Gwamz Is Done Playing It Safe with 'Life of The Party' EP
- Valentina Reynolds
- Sep 1
- 3 min read

If you heard South West London’s Gwamz 'French Tips' at a day party this summer, you probably caught the look. The one that says, who is this? then another one when Efosa's verse kicks in. It's the kind of song that makes you check your Shazam like it’s a reflex. But the real move wasn’t the single. It’s what is to follow.
For the last few years, Gwamz has been edging toward this moment. Close followers would’ve clocked the shift. There were flashes - early tracks where his cadence bent toward amapiano drums, or the confidence he carried on grimey basslines without ever fully diving into grime. But Life of The Party is the first time he sounds fully dialled in. The textures are brighter, the direction clearer. He’s not dabbling anymore he’s decided. And what he’s decided is that this scene needs a different kind of loud.
Gwamz has never claimed to be underground, but he’s also not reaching for formula. If anything, this new EP sits in that slippery middle lane: not boxed by a single sound, but anchored in a voice that knows exactly what it wants to say. What one notices with his music is that not every track is out to please. Some of them sting. The clever part in that is that we tend to remember the sting more than the pleasing moments - pain sits with us.
'HOT GURLZ' kicks the door open, all bounce and bravado, setting the tempo before the project really starts to unfold. 'VIBRATE' takes things up again, but in a smarter way - BXKS slides in with a verse that doesn’t just match the energy, it flips it. The chemistry isn’t accidental. These are two artists playing at the edge of what the UK scene is letting itself sound like, and they’re making it look easy. It’s not.

Then there’s 'YAGI,' give us whats left after you remove the high hats - what’s left is space. He knows the contrast is doing the work for him. It’s a track that quietly challenges the idea that this project is just here to make you move. It’s also here to make you clock the silence after the song ends.
Amapiano’s fingerprints are all over Life of The Party, although it isn’t a genre exercise - it’s instinctive. The beats slide, shimmer, stutter. There’s polish, but no one’s trying to impress you.. Gwamz sounds most comfortable when the production sits just a little off-centre - or so is my observation.

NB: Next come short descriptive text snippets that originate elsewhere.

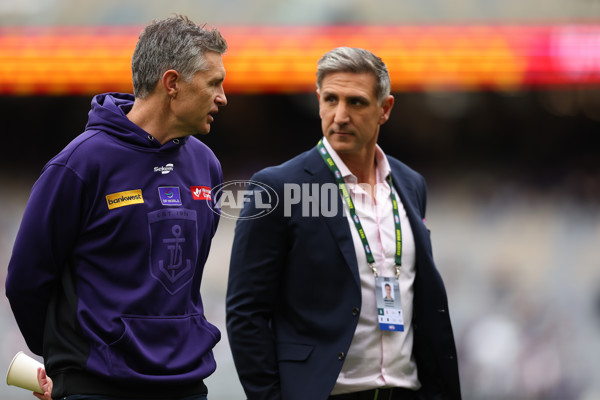 AFL 2025 Round 16 - Fremantle v St Kilda - A-60286305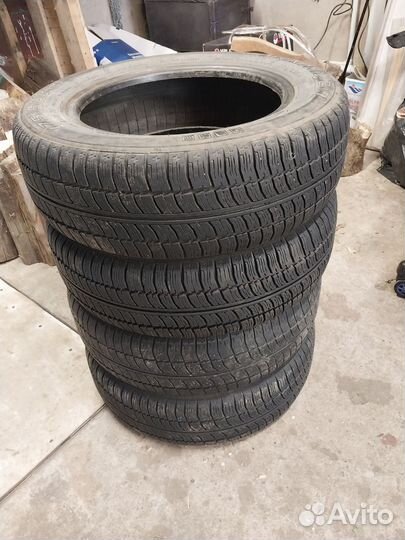 КАМА Кама-217 175/65 R14 82H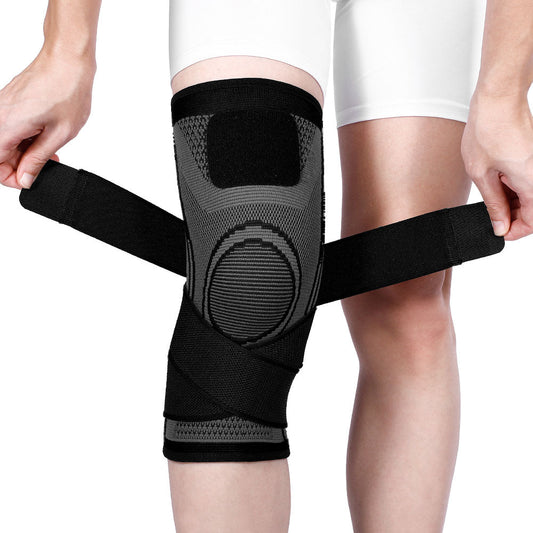 Flexible Fit Knee Support Sleeves 2 Pack Compression - Velthek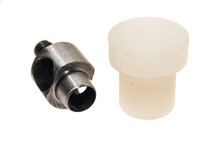 Holpijp voor in de handpers 10 mm (set)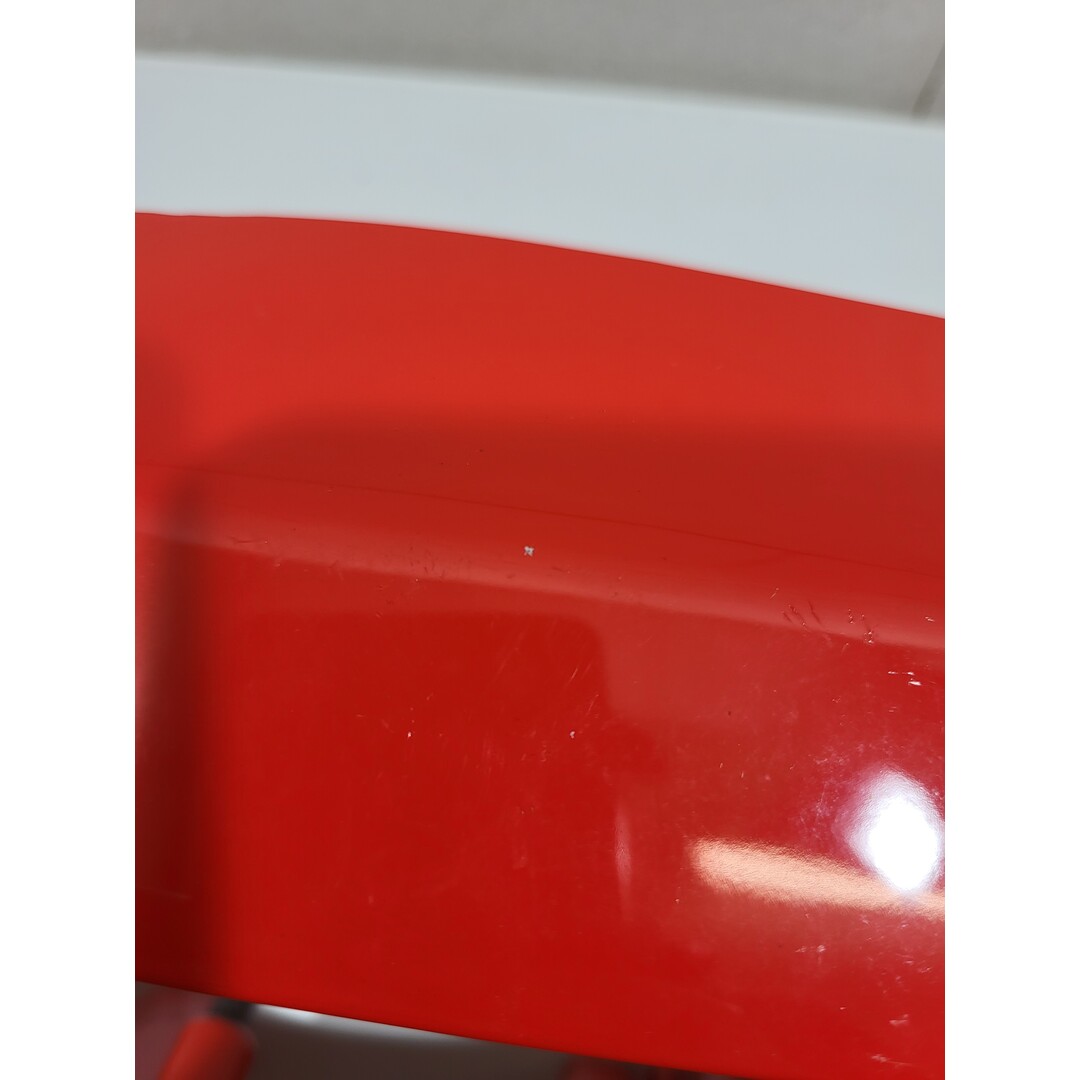 Aprilia Aprilia Amico 50 96-98 / Stuurkap Koplamp rand Rood AP8238818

Part of what makes this project feel sharp is how it never gets too comfortable. One minute you’re coasting through a hook, the next you’re catching a line that cuts a little deeper. Gwamz doesn’t make a point of being ‘vulnerable,’ but it’s there - in phrasing, in space, in restraint.

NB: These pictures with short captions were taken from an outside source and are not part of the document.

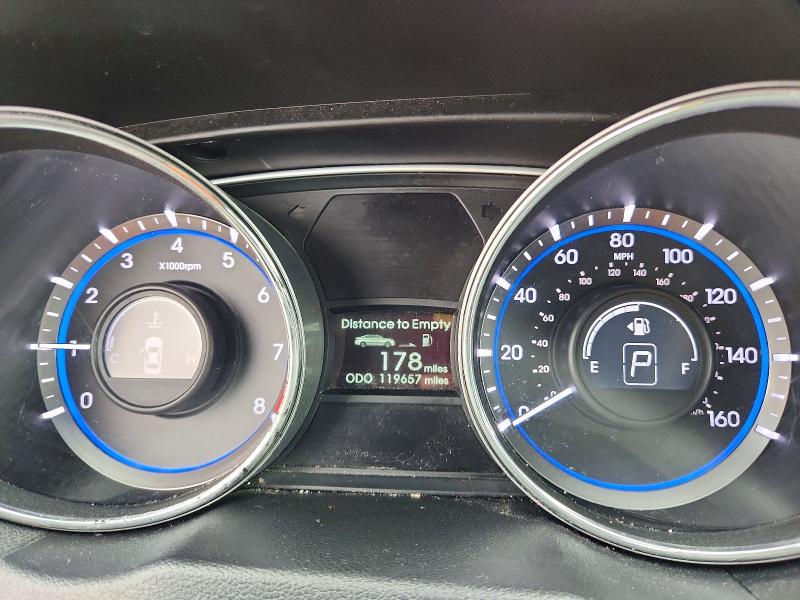 Продажа на аукционе авто 2013 Hyundai Sonata, vin: 5NPEC4AC5DH741640, номер лота: 56343006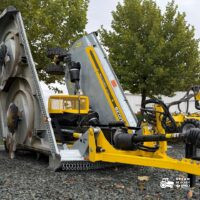 Tocatoare BEDNAR Mulcher MM 7000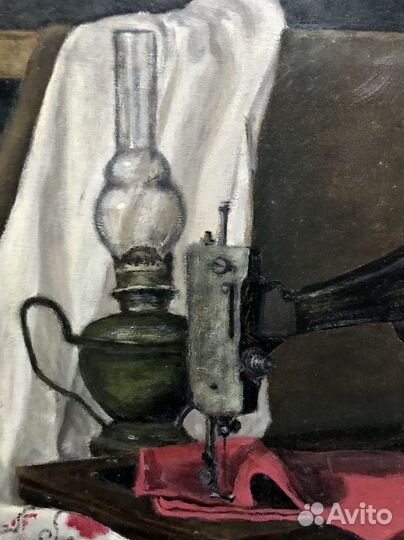 Картина 50 х 60 см, масло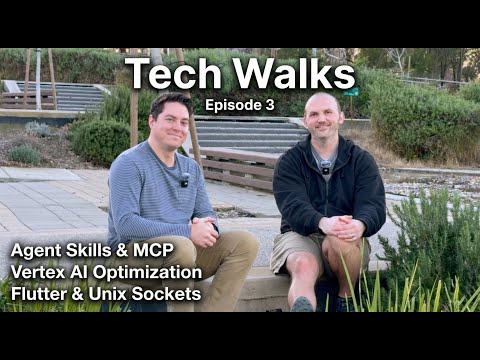 Talking about Skills, Optimizing Prompts and building MCP servers in apps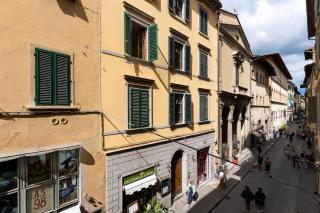 Keys of Italy - CorsoB 9 - Florentine studio close to Palazzo Vecchio - Florence - 9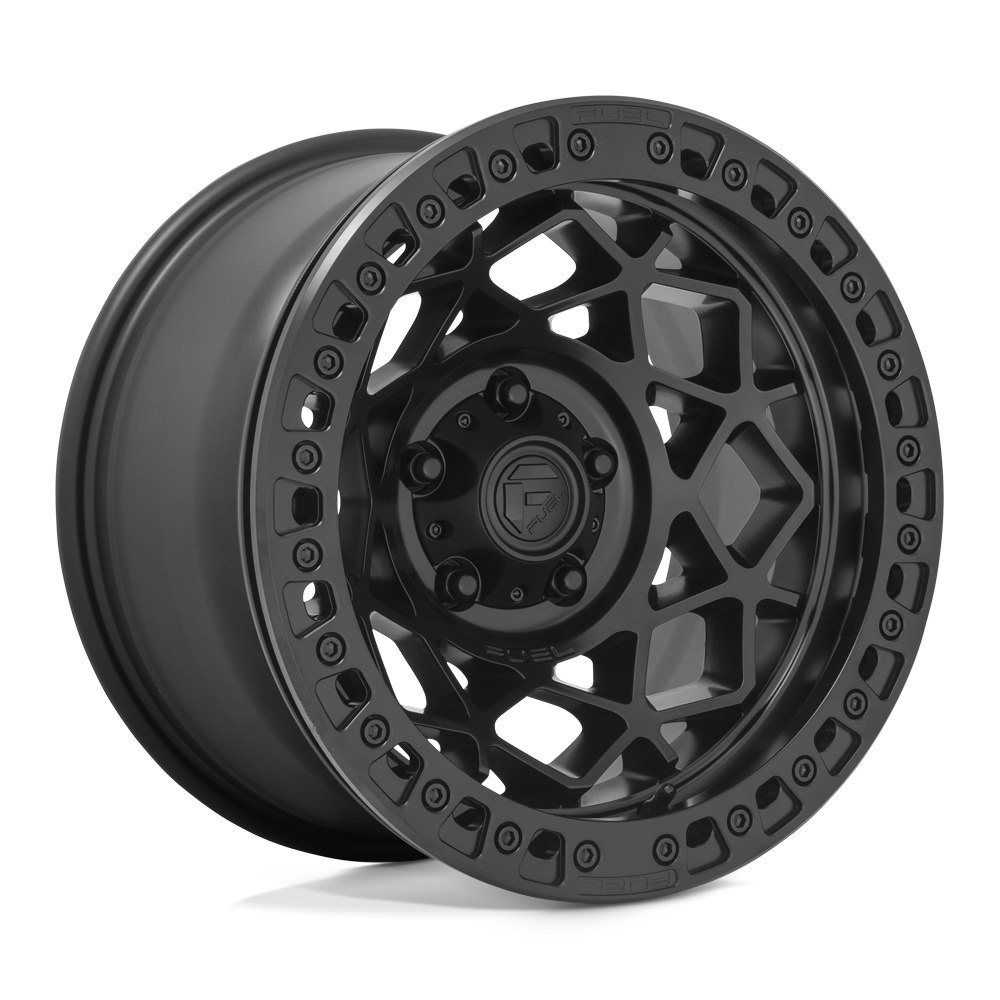 Unit Beadlock Alloy Wheel – Blackout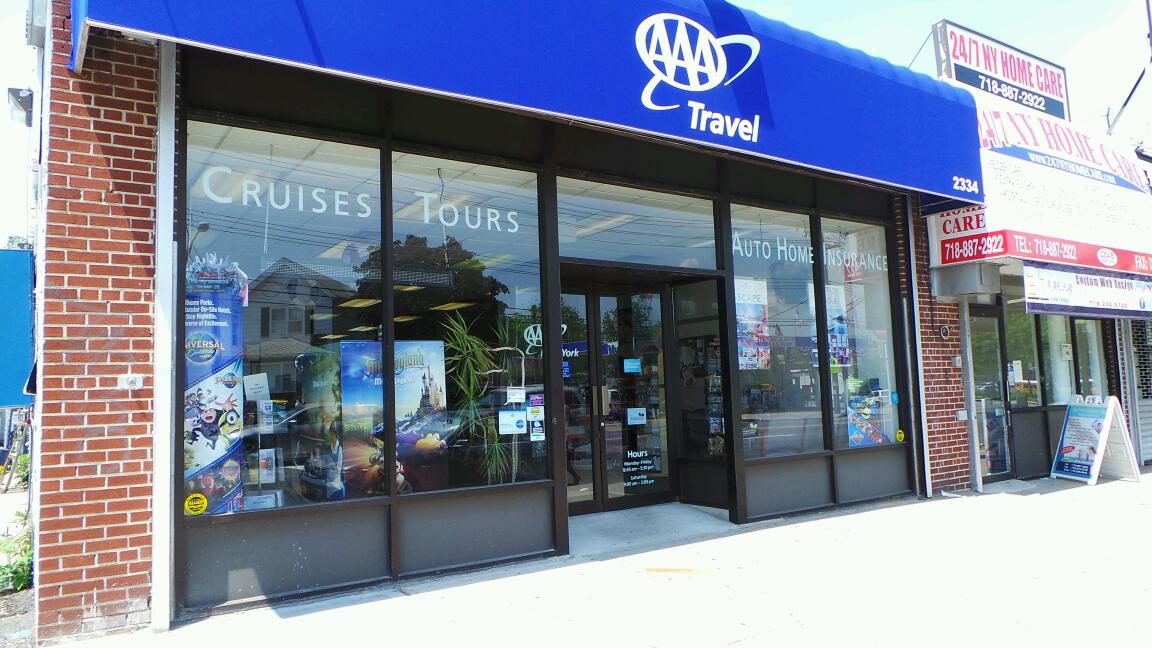 Photo of AAA in Brooklyn City, New York, United States - 1 Picture of Point of interest, Establishment, Insurance agency, Travel agency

And then there’s the fact that people are watching. Skeete brought him on tour. DJ Semtex and Ellie Prohan spun the singles. All suggesting an industry attention that’s rare at this stage. Especially for an artist doing something that doesn’t sit neatly on a playlist algorithm.
It feels and sounds like Gwamz is testing what he can get away with. The Ghanaian rhythms, the South London phrasing, the confidence to let a beat ride a little too long before jumping in - all of it feels like a dare. Not to the listener, but to the space he’s operating in. Can it stretch to make room for this? Maybe that was his thought process during the recording?
I also feel like there’s a version of this project that could’ve been safer. That one might’ve streamed better, landed more syncs, chased TikTok. Gwamz didn’t make that one. He made the one he had to make now. Which means the next one could go anywhere.
That’s the real question this EP leaves you with: what happens when you stop trying to get in the room and start designing the party yourself?